Sun HPC ClusterTools 3.0 Administrator's Guide: With CRE

Storage and the Parallel File System

The performance of distributed multiprocess applications can be enhanced by using PFS file systems. How much value PFS contributes will depend on how storage and I/O are configured on your Sun HPC cluster.

PFS on SMPs and Clusters

Although a PFS file system can be used in a single SMP, PFS is more beneficial to a cluster of SMPs. A high-performance serial file system, such as VxFS, is likely to provide better I/O performance on a single SMP.

Note -

Applications written to use MPI I/O for file I/O can easily be moved from single SMPs with high-speed local file systems to cluster environments with PFS file systems.

PFS Using Individual Disks or Storage Arrays

Since PFS distributes file data and file system metadata across all the storage devices in a file system, the failure of any single device will result in the loss of all data in the file system. For that reason, the underlying storage devices in the PFS should be storage arrays with some form of RAID support.

Although PFS may be configured to manage each disk in a storage array individually, for the purposes of safety and performance some form of volume manager (such as Sun Enterprise Volume Manager or RAID Manager) should be used to manage the individual disks. PFS should then be used to manage the volumes across multiple servers.

PFS and Storage Placement

In broad terms, you can choose between two models for locating I/O servers in a Sun HPC cluster:

Use separate nodes for program execution and I/O support.

Use the same nodes for both program execution and I/O.

Traditionally, administrators have assigned a subset of nodes in a cluster to the role of I/O server and have reserved the remainder for computational work. Often this strategy was based on the assumption that individual nodes were relatively underpowered. Given the computational power and I/O bandwidth of today's Sun SMP nodes, this assumption is less likely to true--consequently, the benefits of segregating I/O and computation are less compelling than was once the case.

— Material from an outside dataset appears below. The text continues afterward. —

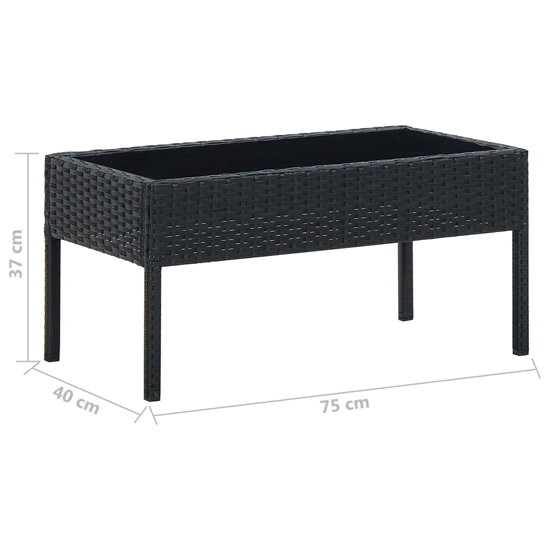 Macy Rattan Garden Coffee Table Large In Black With Glass Top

In theory, colocating computation and I/O support on the same nodes can improve I/O performance by reducing the amount of I/O traffic going over the network. In reality, the performance gains provided by an increase in local I/O may be small. When N nodes in a cluster are configured as PFS I/O servers, N-1/N of the I/O traffic will go off-node. When N=2, half the I/O traffic will be on-node and half off. This is the best efficiency that can be expected when mixing computation and I/O on the same servers. For larger numbers of I/O servers, of the percentage of I/O traffic that will go off-node increases asymptotically toward 100%.

Separate Functions

If nodes act as either compute servers or as I/O servers, but not as both, all parallel I/O operations will generate network traffic and the node's network interface will determine the limit of the performance of a parallel file system. In such cases, the total number of processing nodes being used to run the processes of a parallel job will set an upper limit on the aggregate throughput available. The absolute limit will be set by the bandwidth limitations of the network interconnect itself.

For example, if a sixteen-process job is scheduled on four SMP nodes, then the limiting factor will be the four network adaptors that the SMPs will use for communicating with the remote storage objects of the parallel file system.

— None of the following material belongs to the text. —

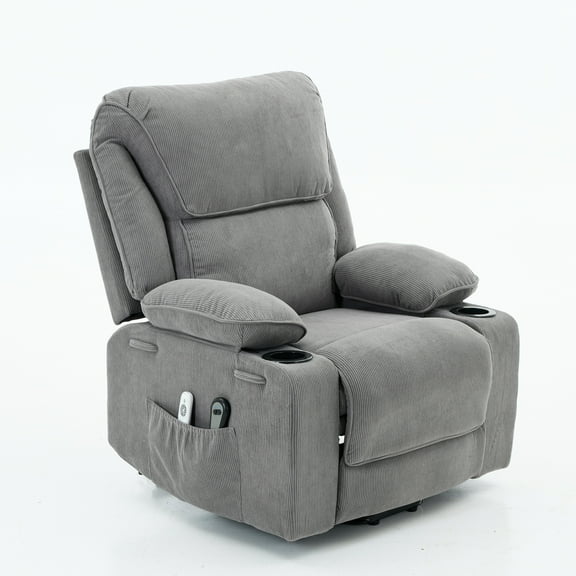 Noble House Corduroy Recliner with Heat & Massage, Remote-Control Assist Chair for Seniors, Gray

In such cases, the best rule of thumb is to match (as closely as possible) the number of compute nodes to the number of I/O nodes so that consumer bandwidth is roughly matched to producer bandwidth within the limitations of the cluster's network bandwidth.

Mixed Functions

When nodes act as both compute servers and PFS I/O servers, the same network bandwidth considerations discussed above apply. However, some performance gains may be realized by having a portion of the I/O operations access local disks. The likely limits of such gains are also discussed in "PFS and Storage Placement".

In order to maximize efficiency in the mixed-use mode, applications should be examined to determine the most efficient mapping of their processes onto cluster nodes. Then, the PFS file system should be set up to complement this placement with storage objects being installed on those nodes.

For example, a sixteen-process application may run best on a given cluster when four processes are scheduled onto each of four-CPU SMPs. In this case, the parallel file system should be configured with storage objects on each of the four SMPs.

Balancing Bandwidth for PFS Performance

When deciding where to place storage devices, it is important to balance the bandwidth of the storage device with the bandwidth of the network interface. For example, in a cluster running on switched FastEthernet, the bandwidth out of any node is limited to 100 Mbits/s.

A single SPARC Storage Array (SSA) can generate more than twice that bandwidth. Since the network is effectively half the bandwidth of the node, adding a second SSA to the node will not lead to any improvement in performance. On the other hand, adding an SSA to a node that is not currently being used as a PFS server may well boost the overall PFS performance.